The boy band One Direction made history last month when their debut U.S. album “Up All Night” topped the Billboard charts – making them the first U.K. group to launch in the U.S. at Number 1. Now the newly stateside pop group, which reached celebrity status just as quickly as their CD, is being sued for trademark infringement.
The complaint, filed in federal court in California on April 9, 2012, lays out the claims of a “California-based pop-rock band” – also named One Direction. According to the lawsuit, the California group has been using the name One Direction in the U.S. continuously since the fall of 2009. The suit claims that the California group has performed concerts, maintained websites, posted videos to YouTube, sold music on iTunes, and released an album in February of 2011 titled “The Light,” all under the name One Direction. On February 14, 2011, the California group filed a trademark application for One Direction with the United States Patent and Trademark Office for “live performances by a musical band.” The One Direction trademark application published in the Trademark Official Gazette in December of 2011. However, the U.K. group’s manager interrupted the application process by requesting an extension of time to oppose registration. Currently, the U.S. registration is still being held up by the U.K. group.
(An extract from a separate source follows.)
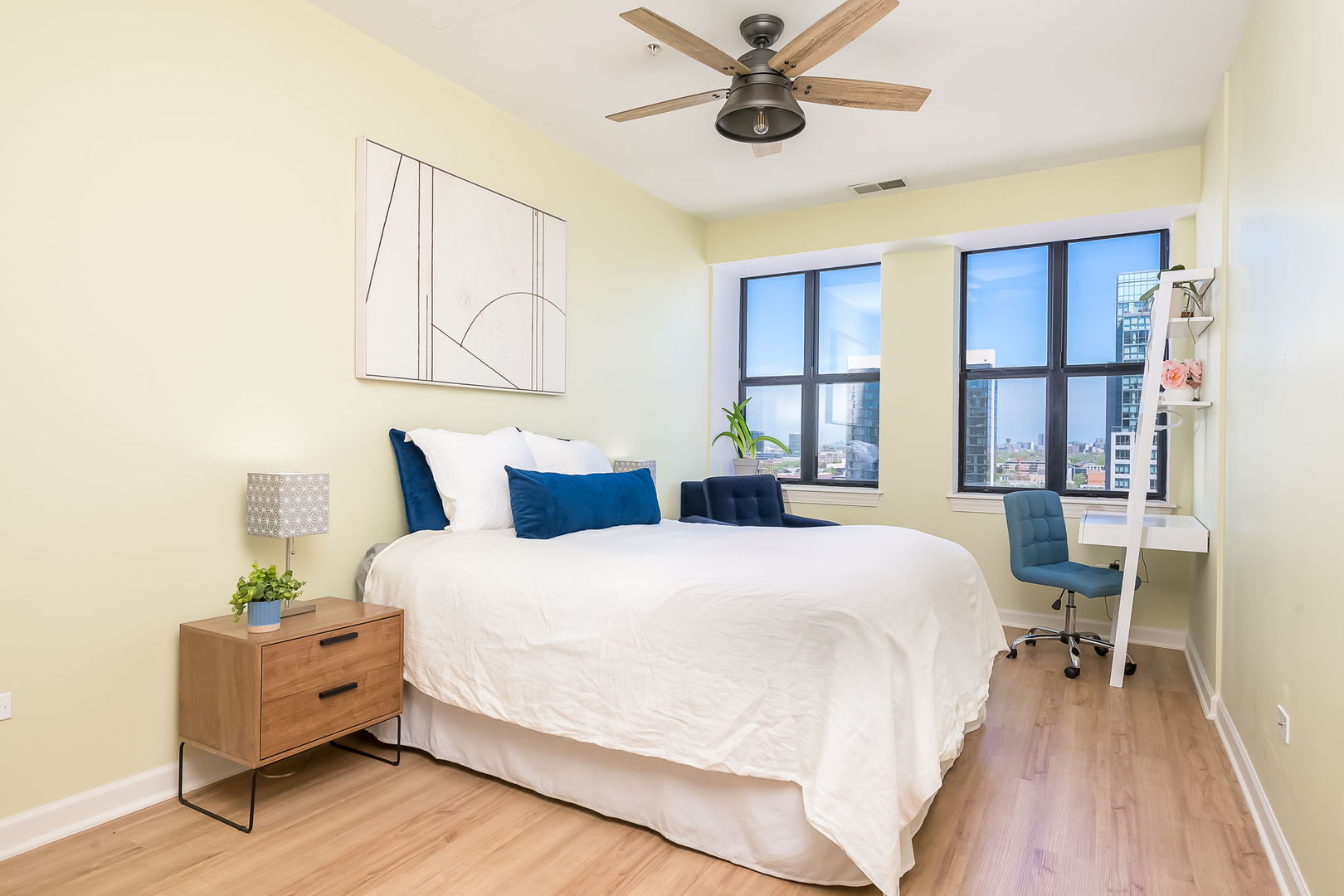 451 West Huron Street, Unit 1502 Chicago, IL 60654 - Photo 13 of 24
The U.K. One Direction formed sometime in 2010 after its members competed together on the British television show “The X Factor.” At first, they used the One Direction mark exclusively in the U.K. Since trademark rights are jurisdictional, parallel use of the same name by different music groups in different countries usually will not raise any legal issues. However, since the U.K. group entered the U.S. in early 2012, there already has been some potential confusion: a song by the California group played during a segment to promote the U.K. One Direction on NBC’s Today show.
The California group’s suit seeks one million dollars in damages, and a permanent injunction requiring the U.K. group to cease use of the One Direction name. The complaint names each of the U.K. band members personally, along with Syco Entertainment (a joint venture between Sony and Simon Cowell), Simco Limited (the group’s manager), and Sony Music.